One normal breast epithelial cell, MCF10A, and four human TNBC cell lines (HCC1937, MDA-MB-468, MDA-MB-231, MDA-MB-436) were bought from ATCC (Manassas, VA). Cells were incubated in DMEM (Invitrogen, Carlsbad, CA) containing 10% fetal bovine serum (FBS) and 1% penicillin/streptomycin in a humidified air at 37 °C with 5% CO₂.

Cell transfection

HCC1937 and MDA-MB-468 cells were transfected with the sh-RNAs (plasmid backbone: pGPU6/Hygro) targeting PITPNA-AS1 (sh-PITPNA-AS1#1/2), DDX54 (sh-DDX54#1/2), MYBL2 (sh-MYBL2) and corresponding negative controls (sh-NC) at the final concentration of 100 nM. Stably transfected cells were selected by detection of Hygromycin B resistance. To overexpress SIK2, E2F6, PAX5, FOXP2, ELK5, MYBL2 and YY1, pcDNA3.1 vector targeting corresponding genes and empty pcDNA3.1 vector (control) were transfected into HCC1937 and MDA-MB-468 cells. For overexpressing or silencing miR-520d-5p, miR-520d-5p mimics or inhibitor was transfected into HCC1937 and MDA-MB-468 cells with NC mimics or inhibitor as a negative control, separately. All above plasmids or oligonucleotides were purchased from GenePharma and were transfected into HCC1937 and MDA-MB-468 cells using Lipofectamine 2000 (Invitrogen) for 2 days.

RT-qPCR analysis

Using TRIzol Reagent (Invitrogen), total RNA was extracted from MCF10A, HCC1937, MDA-MB-468, MDA-MB-231, MDA-MB-436 cells and then reverse-transcribed into cDNA with a Reverse Transcription Kit (Takara). A One Step TB Green^® PrimeScript™ RT-PCR Kit (Takara) was utilized for RT-qPCR on a Bio-Rad CFX96 Real-Time PCR system. The 2^−∆∆Ct method [22] was used for calculation of relative expression fold changes. GAPDH served as the internal reference for PITPNA-AS1 and mRNAs, while U6 served as the internal reference for miRNAs. The thermo-cycling conditions were set as follows: 95 °C for 5 min followed by 45 cycles at 95 °C for 10 s and 55 °C for 30 s, and a melting curve analysis every 0.2 °C from 55 to 95 °C for 2 min was obtained. Relative primer sequences are listed in Table 1, which were designed using GETprime software and synthesized by RiboBio (Guangzhou, China).

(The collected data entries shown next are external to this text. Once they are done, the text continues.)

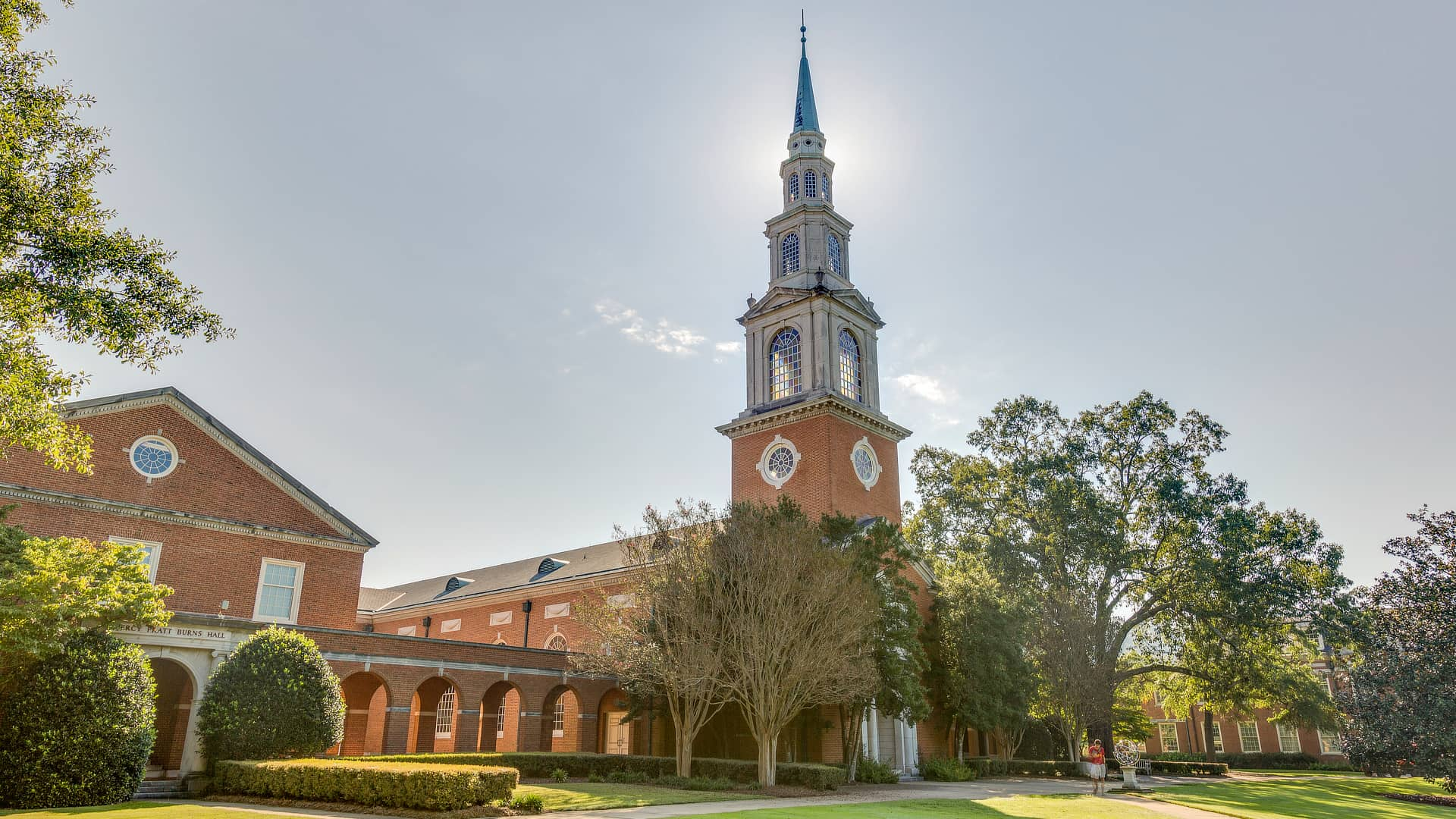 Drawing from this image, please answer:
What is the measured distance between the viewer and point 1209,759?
51.3 metres

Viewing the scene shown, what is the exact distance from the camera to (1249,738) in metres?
57.1

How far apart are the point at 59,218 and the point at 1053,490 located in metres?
34.3

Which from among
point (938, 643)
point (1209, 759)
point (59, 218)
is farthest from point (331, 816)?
point (1209, 759)

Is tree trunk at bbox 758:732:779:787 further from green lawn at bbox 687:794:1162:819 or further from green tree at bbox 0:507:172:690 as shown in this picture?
green tree at bbox 0:507:172:690

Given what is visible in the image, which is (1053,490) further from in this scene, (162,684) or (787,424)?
(162,684)

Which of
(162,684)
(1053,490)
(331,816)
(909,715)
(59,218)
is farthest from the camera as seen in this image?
(1053,490)

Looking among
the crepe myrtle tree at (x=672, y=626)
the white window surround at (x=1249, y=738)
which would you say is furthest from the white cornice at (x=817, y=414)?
the white window surround at (x=1249, y=738)

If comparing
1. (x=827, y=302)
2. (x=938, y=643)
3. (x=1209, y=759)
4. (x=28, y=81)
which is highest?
(x=827, y=302)

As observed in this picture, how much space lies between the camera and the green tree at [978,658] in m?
31.6

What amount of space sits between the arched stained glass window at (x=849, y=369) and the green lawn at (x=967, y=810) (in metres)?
19.6

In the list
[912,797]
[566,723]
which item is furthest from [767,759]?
[566,723]

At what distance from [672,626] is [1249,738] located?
50449 millimetres

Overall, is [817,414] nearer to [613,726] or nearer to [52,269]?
[613,726]

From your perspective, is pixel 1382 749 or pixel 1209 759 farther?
pixel 1209 759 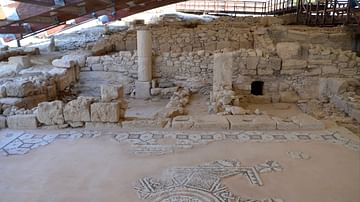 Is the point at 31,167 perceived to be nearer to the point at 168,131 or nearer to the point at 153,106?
the point at 168,131

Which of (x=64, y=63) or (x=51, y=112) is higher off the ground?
(x=64, y=63)

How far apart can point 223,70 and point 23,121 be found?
5255 mm

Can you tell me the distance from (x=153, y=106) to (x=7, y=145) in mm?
5411

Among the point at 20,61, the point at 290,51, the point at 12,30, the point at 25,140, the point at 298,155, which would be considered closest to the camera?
the point at 298,155

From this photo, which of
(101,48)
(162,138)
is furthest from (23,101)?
(101,48)

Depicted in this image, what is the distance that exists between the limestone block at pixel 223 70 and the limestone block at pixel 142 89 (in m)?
2.92

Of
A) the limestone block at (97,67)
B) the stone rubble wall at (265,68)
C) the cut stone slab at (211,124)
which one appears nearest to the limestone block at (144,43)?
the stone rubble wall at (265,68)

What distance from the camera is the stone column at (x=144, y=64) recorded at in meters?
11.3

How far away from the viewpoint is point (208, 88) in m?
11.2

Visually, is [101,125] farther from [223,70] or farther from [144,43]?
[144,43]

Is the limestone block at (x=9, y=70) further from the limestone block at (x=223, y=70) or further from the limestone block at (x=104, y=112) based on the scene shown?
the limestone block at (x=223, y=70)

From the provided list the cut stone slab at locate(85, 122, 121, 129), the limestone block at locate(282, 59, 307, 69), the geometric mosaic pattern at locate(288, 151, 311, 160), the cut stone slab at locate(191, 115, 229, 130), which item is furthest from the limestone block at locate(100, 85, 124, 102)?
the limestone block at locate(282, 59, 307, 69)

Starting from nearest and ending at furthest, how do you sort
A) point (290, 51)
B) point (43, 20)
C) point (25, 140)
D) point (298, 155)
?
point (298, 155) → point (25, 140) → point (290, 51) → point (43, 20)

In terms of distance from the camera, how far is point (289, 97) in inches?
403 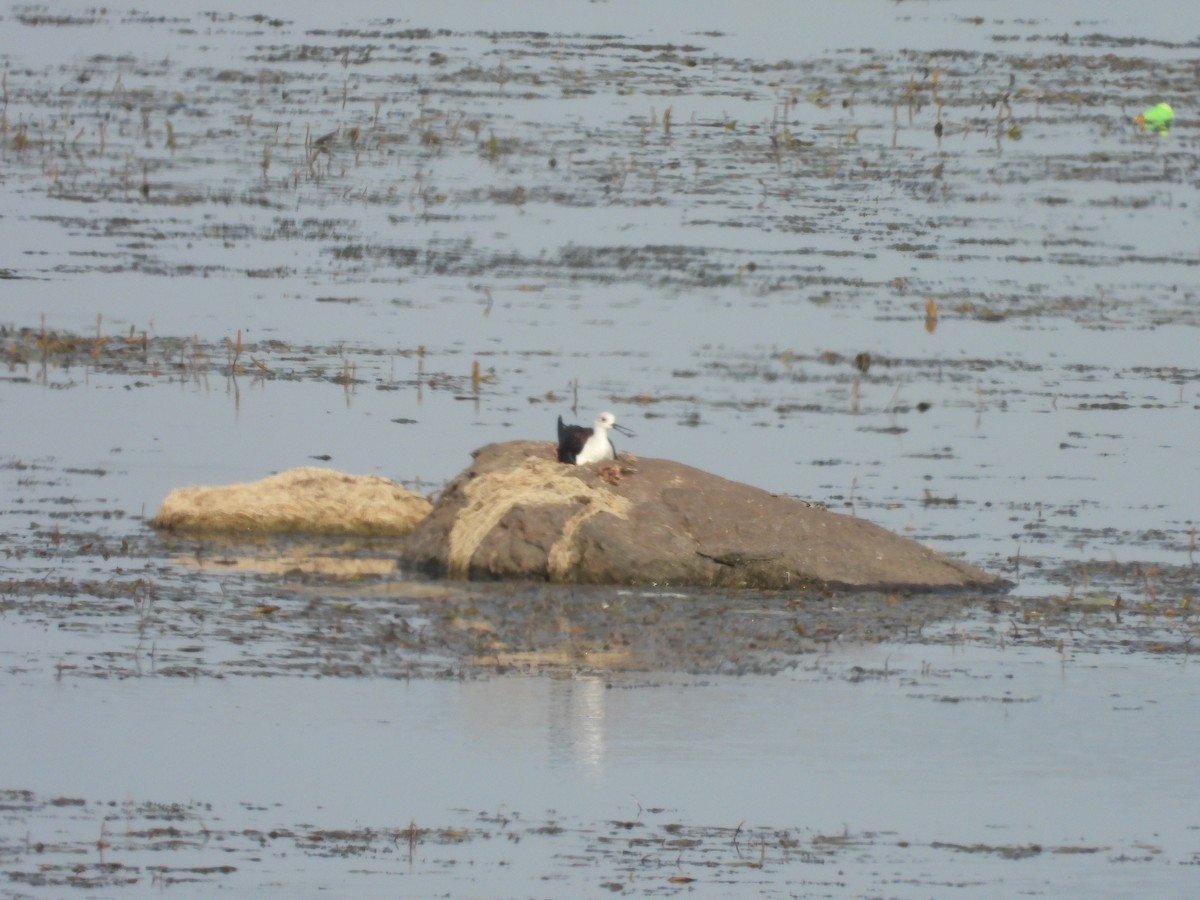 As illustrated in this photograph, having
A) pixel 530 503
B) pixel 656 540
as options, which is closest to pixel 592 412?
pixel 530 503

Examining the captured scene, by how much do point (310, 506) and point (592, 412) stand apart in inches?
122

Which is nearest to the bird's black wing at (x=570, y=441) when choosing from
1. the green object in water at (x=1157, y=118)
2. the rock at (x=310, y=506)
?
the rock at (x=310, y=506)

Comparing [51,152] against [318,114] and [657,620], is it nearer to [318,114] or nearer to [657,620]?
[318,114]

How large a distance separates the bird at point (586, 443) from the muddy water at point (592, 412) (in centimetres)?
115

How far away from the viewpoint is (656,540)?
1484cm

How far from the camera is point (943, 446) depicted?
60.7 feet

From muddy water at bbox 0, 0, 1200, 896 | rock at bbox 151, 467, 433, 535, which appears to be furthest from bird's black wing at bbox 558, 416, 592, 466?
muddy water at bbox 0, 0, 1200, 896

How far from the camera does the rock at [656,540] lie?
1477 cm

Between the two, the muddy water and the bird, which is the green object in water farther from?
the bird

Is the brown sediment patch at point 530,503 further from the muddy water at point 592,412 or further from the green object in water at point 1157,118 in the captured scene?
the green object in water at point 1157,118

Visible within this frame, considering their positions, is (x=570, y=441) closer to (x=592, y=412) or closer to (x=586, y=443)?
(x=586, y=443)

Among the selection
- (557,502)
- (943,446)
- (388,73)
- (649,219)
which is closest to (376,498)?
(557,502)

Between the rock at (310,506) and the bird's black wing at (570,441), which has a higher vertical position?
the bird's black wing at (570,441)

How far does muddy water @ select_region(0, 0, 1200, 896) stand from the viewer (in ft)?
33.1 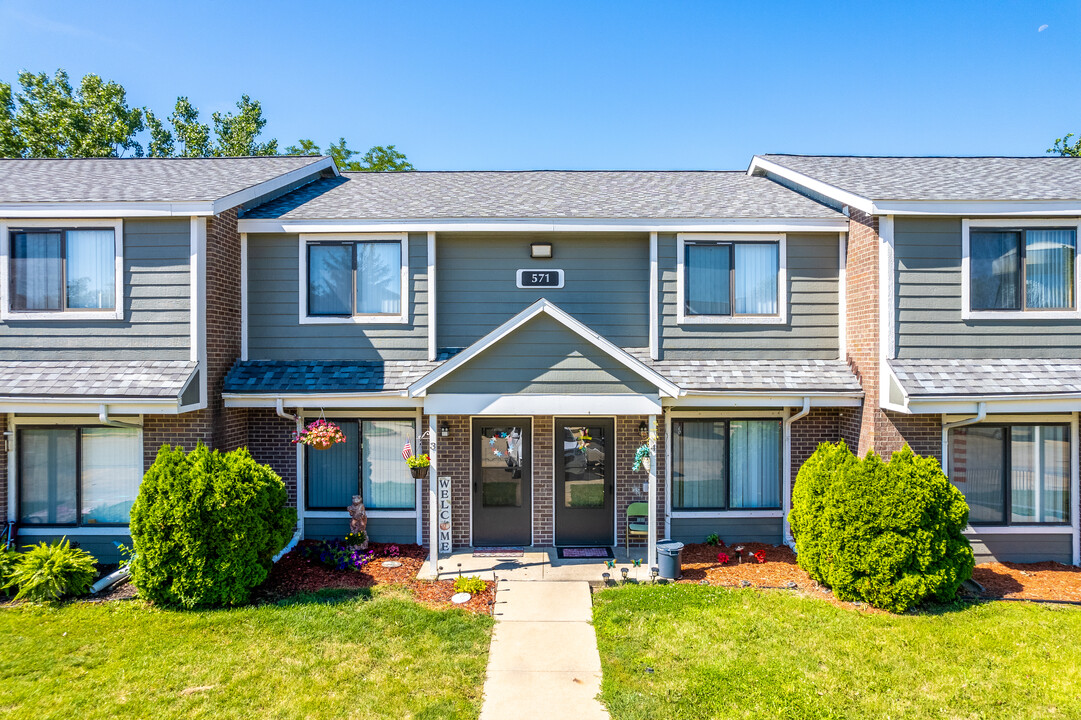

Subcellular fractionation assay

Subcellular fractionation assay was conducted to assess subcellular localization of PITPNA-AS1. According to manufacturer’ instructions, nuclear and cytoplasmic fractions extracted from TNBC cells were isolated using a Cytoplasmic and Nuclear RNA Purification Kit (Norgen). RT-qPCR analysis was applied for the detection of PITPNA-AS1, GAPDH or U6 expression. GAPDH was a cytoplasmic control and U6 was a nuclear control.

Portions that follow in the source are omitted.